[Information supplied]

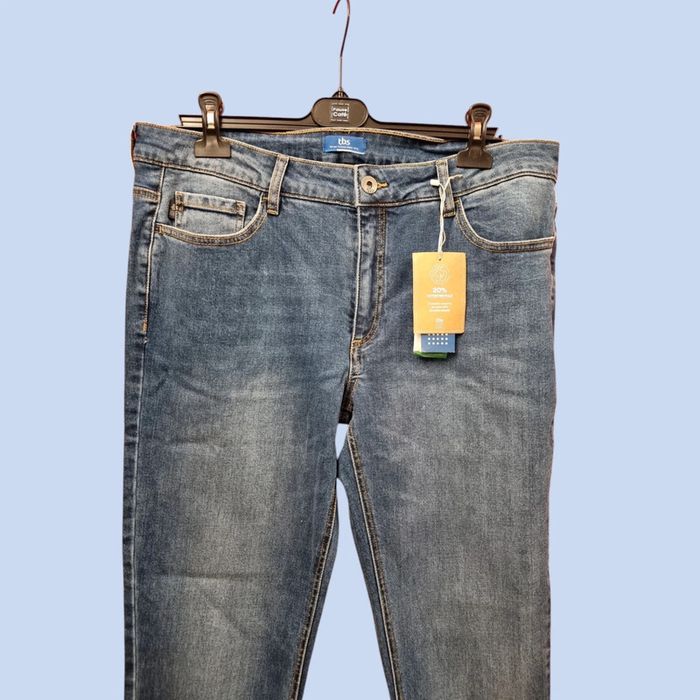 TBS Jean Homme coton recyclé indigo Benjipar * taille 46 * - photo numéro 2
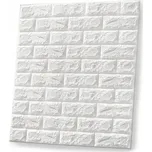 3D Samolepicí panel - cihlová tapeta - 1x kus 77 cm x 70 cm (0,54 m2) bílá cihla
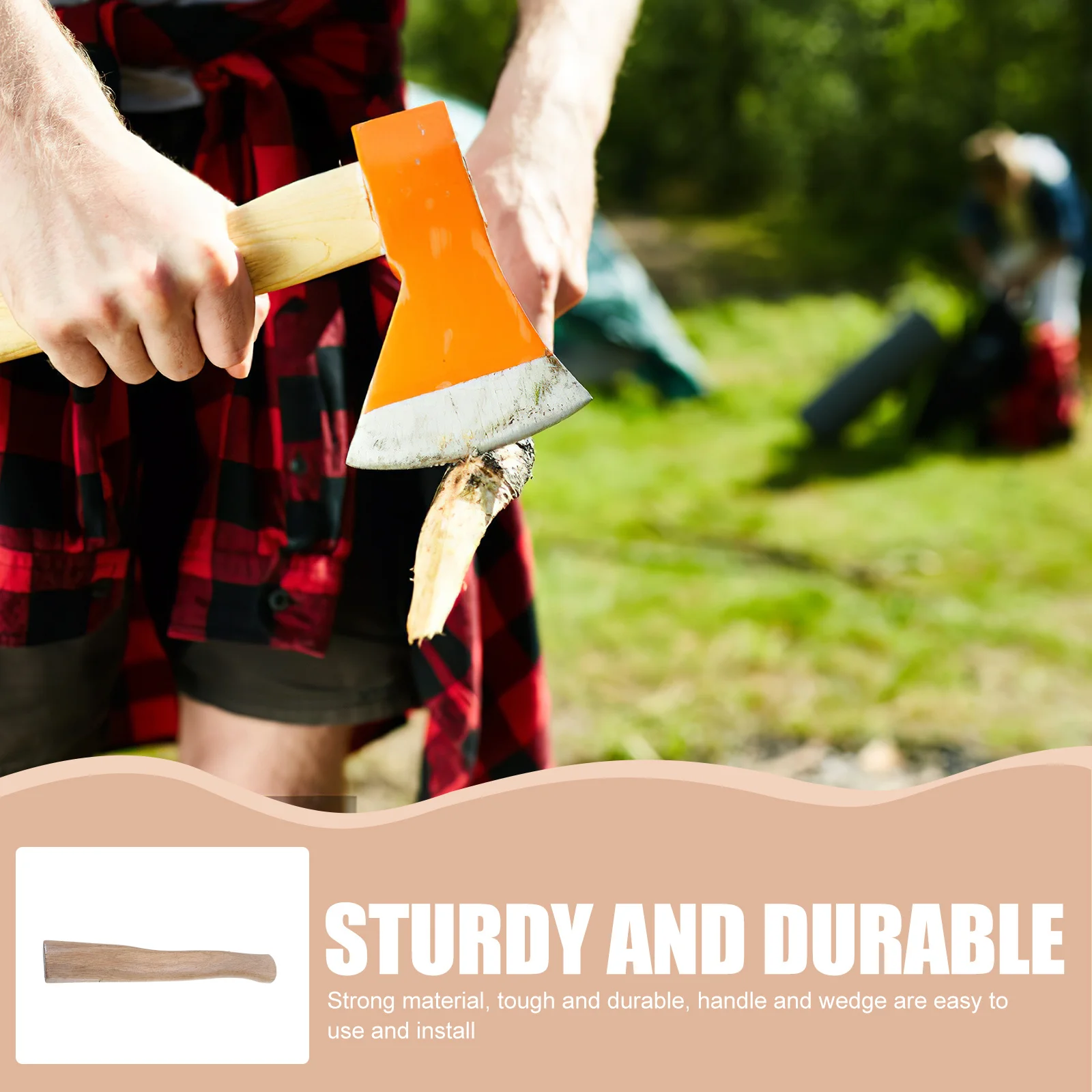 1Set Hatchet Handle Wooden Replacement Handle Woodworking Tools Set Metal Wedges Reinforcing Taper Wedges Handles 
1Set Hatchet Handle Wooden Replacement Handle Woodworking Tools Set Metal Wedges Reinforcing Taper Wedges Handles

[/Information supplied]

(Your assignment) Could the material above be written out again word for word, with the pictures dropped?

(Exercise response)
 TBS Jean Homme coton recyclé indigo Benjipar * taille 46 * - photo numéro 2
 3D Samolepicí panel - cihlová tapeta - 1x kus 77 cm x 70 cm (0,54 m2) bílá cihla
 1Set Hatchet Handle Wooden Replacement Handle Woodworking Tools Set Metal Wedges Reinforcing Taper Wedges Handles 
1Set Hatchet Handle Wooden Replacement Handle Woodworking Tools Set Metal Wedges Reinforcing Taper Wedges Handles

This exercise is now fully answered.